[Start of section]

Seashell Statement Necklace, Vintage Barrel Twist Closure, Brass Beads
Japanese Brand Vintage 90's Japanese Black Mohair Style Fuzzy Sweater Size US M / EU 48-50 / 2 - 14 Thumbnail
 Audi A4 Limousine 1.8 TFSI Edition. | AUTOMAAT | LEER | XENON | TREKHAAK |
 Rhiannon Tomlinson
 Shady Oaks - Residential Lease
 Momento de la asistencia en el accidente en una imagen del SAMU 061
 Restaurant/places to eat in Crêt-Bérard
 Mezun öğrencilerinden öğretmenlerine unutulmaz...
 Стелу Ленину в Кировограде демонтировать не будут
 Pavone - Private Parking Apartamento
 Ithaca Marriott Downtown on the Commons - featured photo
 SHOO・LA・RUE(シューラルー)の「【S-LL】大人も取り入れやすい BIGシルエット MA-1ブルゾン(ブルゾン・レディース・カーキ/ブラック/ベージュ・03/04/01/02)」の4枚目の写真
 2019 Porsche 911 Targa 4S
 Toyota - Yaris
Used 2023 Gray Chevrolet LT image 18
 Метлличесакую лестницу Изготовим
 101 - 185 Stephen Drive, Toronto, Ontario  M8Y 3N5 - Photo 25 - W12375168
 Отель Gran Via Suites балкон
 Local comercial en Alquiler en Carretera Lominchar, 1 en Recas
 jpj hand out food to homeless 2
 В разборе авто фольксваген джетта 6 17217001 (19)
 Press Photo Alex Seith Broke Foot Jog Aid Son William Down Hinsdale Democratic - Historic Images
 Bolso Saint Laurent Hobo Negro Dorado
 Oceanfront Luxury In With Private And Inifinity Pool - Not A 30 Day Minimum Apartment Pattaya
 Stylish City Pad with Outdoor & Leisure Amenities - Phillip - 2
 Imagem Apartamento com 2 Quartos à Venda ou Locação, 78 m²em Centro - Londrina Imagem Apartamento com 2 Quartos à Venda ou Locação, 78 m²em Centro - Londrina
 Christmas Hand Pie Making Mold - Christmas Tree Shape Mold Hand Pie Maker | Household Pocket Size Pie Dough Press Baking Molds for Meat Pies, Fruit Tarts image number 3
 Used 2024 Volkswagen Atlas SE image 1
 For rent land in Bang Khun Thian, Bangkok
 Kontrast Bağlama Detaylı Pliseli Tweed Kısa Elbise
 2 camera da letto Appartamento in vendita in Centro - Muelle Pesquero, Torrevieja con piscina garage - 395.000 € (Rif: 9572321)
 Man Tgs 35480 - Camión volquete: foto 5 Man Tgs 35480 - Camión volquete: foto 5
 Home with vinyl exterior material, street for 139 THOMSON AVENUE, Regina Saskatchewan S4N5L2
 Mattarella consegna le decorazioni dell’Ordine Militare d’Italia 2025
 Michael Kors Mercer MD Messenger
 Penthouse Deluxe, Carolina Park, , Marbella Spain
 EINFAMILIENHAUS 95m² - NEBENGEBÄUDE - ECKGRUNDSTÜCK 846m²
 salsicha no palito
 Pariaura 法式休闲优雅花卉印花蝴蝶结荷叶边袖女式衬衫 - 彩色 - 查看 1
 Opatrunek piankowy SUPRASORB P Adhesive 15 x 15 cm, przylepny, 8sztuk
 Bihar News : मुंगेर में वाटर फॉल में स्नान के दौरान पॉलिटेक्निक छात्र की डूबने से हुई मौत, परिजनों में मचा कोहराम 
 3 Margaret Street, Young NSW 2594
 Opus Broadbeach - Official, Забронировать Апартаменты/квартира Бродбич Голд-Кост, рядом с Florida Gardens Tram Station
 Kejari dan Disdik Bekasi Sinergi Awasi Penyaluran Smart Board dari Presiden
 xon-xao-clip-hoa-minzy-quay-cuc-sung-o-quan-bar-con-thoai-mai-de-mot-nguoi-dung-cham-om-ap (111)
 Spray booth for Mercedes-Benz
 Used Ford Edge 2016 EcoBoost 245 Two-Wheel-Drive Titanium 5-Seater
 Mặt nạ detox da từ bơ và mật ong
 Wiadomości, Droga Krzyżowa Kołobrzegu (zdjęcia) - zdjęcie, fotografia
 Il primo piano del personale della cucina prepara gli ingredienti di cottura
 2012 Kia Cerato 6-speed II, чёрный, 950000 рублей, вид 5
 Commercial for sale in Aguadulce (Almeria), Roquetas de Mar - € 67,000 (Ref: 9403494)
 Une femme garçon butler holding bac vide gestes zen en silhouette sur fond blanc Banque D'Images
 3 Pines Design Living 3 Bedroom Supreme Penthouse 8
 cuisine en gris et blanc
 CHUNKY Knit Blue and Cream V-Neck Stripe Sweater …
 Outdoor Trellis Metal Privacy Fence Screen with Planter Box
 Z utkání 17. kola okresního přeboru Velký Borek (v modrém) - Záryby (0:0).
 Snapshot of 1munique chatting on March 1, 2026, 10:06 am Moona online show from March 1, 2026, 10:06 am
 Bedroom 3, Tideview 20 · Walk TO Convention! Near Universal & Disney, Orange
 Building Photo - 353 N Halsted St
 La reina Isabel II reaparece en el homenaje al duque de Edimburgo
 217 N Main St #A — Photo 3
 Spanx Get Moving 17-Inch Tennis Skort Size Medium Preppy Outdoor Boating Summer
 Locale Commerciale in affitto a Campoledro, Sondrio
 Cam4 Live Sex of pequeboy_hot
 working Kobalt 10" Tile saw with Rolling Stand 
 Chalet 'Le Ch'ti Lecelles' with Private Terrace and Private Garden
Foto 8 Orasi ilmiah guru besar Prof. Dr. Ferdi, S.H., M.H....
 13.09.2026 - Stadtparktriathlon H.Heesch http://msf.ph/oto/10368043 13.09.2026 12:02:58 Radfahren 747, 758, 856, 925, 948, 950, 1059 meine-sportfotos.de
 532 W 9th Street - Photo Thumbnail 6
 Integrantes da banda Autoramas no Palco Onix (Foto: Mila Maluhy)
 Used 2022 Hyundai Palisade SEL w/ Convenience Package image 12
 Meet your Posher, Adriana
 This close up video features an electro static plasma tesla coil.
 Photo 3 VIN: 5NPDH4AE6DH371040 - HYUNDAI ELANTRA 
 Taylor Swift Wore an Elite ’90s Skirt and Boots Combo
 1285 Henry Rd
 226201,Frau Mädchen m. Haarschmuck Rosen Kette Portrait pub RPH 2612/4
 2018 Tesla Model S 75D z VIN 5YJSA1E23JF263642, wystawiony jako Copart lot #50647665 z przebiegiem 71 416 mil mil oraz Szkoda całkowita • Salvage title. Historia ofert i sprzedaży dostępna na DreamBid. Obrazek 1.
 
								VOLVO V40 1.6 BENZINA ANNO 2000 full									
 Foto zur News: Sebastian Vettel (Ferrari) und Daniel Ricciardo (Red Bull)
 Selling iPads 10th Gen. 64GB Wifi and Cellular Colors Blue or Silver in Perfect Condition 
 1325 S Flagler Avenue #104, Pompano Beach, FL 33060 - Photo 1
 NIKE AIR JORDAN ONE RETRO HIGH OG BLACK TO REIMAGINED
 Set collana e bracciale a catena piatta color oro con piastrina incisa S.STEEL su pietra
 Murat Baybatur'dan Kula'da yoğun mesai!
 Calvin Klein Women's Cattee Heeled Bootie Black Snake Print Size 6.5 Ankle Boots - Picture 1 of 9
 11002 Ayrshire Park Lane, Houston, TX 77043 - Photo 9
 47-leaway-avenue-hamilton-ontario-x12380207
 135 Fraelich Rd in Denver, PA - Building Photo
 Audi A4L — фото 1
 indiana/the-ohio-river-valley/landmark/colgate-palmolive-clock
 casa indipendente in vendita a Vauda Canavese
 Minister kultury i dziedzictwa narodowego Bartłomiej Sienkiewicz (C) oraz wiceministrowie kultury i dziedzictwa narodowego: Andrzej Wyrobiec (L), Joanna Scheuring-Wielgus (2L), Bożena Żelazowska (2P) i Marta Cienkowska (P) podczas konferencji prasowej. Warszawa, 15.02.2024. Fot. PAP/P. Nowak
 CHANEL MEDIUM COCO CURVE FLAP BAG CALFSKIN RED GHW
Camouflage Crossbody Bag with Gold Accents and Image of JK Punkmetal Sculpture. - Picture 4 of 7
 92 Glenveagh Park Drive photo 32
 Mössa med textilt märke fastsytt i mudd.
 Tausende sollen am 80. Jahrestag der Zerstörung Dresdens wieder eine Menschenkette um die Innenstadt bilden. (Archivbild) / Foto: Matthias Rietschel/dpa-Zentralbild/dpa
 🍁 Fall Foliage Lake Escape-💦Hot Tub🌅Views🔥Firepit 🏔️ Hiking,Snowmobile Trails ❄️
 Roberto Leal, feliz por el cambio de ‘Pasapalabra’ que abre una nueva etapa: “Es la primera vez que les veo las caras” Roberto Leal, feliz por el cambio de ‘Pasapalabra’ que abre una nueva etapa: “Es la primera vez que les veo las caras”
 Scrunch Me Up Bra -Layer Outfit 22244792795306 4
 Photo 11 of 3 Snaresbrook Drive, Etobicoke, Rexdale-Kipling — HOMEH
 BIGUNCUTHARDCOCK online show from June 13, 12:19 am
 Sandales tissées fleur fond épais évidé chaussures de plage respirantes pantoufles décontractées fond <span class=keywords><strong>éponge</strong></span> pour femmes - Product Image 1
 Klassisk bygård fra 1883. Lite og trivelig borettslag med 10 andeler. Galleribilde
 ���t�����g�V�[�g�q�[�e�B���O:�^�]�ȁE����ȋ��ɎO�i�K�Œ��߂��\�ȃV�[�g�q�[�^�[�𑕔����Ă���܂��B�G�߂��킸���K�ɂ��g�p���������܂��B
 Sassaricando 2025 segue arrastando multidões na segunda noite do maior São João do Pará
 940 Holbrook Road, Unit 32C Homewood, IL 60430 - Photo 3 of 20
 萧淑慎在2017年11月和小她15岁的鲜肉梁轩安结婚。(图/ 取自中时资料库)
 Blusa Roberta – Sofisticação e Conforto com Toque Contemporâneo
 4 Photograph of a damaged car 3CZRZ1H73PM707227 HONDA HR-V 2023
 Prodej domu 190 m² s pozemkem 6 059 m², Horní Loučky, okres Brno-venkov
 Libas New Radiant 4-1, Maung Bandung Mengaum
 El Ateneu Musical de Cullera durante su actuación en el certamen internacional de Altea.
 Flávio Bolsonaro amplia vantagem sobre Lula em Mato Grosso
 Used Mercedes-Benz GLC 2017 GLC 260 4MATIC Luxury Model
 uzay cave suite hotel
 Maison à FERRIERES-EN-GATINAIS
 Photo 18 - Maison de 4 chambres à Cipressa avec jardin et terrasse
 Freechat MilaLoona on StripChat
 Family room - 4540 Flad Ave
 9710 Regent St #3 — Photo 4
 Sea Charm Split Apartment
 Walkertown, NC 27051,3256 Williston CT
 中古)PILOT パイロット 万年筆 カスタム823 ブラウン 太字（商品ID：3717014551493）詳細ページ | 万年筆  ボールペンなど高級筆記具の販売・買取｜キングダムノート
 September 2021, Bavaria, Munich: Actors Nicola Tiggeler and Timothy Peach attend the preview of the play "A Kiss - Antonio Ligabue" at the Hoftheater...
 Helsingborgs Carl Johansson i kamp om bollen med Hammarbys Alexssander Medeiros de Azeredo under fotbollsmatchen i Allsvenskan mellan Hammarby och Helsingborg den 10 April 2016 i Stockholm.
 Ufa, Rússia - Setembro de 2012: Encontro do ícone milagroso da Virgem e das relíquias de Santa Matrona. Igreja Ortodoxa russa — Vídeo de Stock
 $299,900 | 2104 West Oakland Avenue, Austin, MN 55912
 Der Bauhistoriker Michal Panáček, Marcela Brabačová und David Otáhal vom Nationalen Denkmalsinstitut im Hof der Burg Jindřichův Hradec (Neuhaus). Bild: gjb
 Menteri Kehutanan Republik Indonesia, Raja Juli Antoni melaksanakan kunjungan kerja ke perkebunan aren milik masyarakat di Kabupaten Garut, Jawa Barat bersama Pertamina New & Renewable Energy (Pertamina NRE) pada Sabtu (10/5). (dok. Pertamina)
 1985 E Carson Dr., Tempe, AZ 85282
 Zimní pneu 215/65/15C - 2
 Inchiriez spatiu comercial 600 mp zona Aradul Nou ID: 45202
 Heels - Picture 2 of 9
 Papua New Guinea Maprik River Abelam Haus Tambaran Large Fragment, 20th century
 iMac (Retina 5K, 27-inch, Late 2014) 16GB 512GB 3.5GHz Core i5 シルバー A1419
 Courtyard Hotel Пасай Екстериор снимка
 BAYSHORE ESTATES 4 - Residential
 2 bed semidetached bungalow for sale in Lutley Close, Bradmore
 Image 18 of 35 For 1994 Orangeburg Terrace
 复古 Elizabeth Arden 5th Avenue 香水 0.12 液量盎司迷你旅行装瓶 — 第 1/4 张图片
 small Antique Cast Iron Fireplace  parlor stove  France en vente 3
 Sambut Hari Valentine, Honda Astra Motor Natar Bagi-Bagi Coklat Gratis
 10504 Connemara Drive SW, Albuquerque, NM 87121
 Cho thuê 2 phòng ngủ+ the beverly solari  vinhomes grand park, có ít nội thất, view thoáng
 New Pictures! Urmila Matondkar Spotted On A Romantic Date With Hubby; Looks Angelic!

[End of section]

__Task brief__.
How many lines of the entries contain the string "Model"? Answer with a number and no other words.

__Written answer__.
2